Some brave social anthropologists have done research that suggests strongly that:
a) religion simply made people behave better generally. With small children, the idea that there is an 'invisible grownup' in the room made them much less likely to cheat, much more likely to follow rules, much more likely to cooperate. Is this a 'control' mechanism, or was it observationally true that people who belonged to church (and in most places there WAS only one, so there was no confusion about which was 'right') cooperated better and were simply generally more successful
b) adherence to the visible tenets of a religion (going to temple regularly, observing the dictated trivial restrictions, etc.) was a strong correlative to people who could behave according to the accepted rules of a society. If they could discipline themselves enough to wear a little hat (for example), or so the theory goes, they could be expected to discipline themselves to follow other, more critically-important rules of a society.

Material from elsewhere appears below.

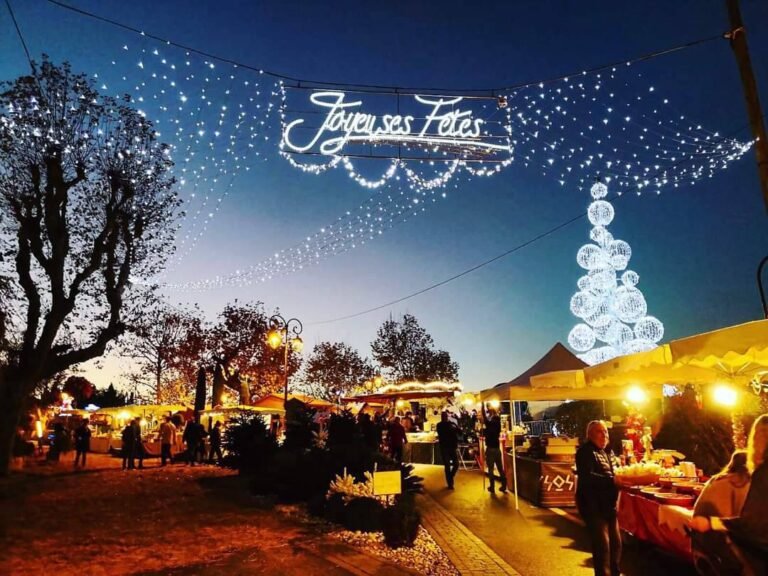 Le père Noël s&rsquo;est installé à Mougins !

Did it mean that in some cases outsiders were treated harshly? Yep. But again, omlettes and eggs. Today, we have an extraordinarily resilient society, we can tolerate assholes. But if you're barely surviving in a lifeboat, you need to pitch the boat-rockers out to save the rest. And let's recall further that the definition of outsider - while fixed and generally unchangeable so seemingly harsh from our view - was rarely arbitrary. Generally the 'rules' were determined and understood for generations if not centuries.

Again, secularists LOOKING to call this 'control' miss the boat.
When a small group/clan/village/whatever is riding barely above the margin of sustainability over long spans of time, this sort of consensus (call it a consensual delusion if you need to salve your modern sensibilities) meant that some communities survived, where others didn't.

And really, isn't that pretty much the only yardstick we HAVE for "success" in the real world?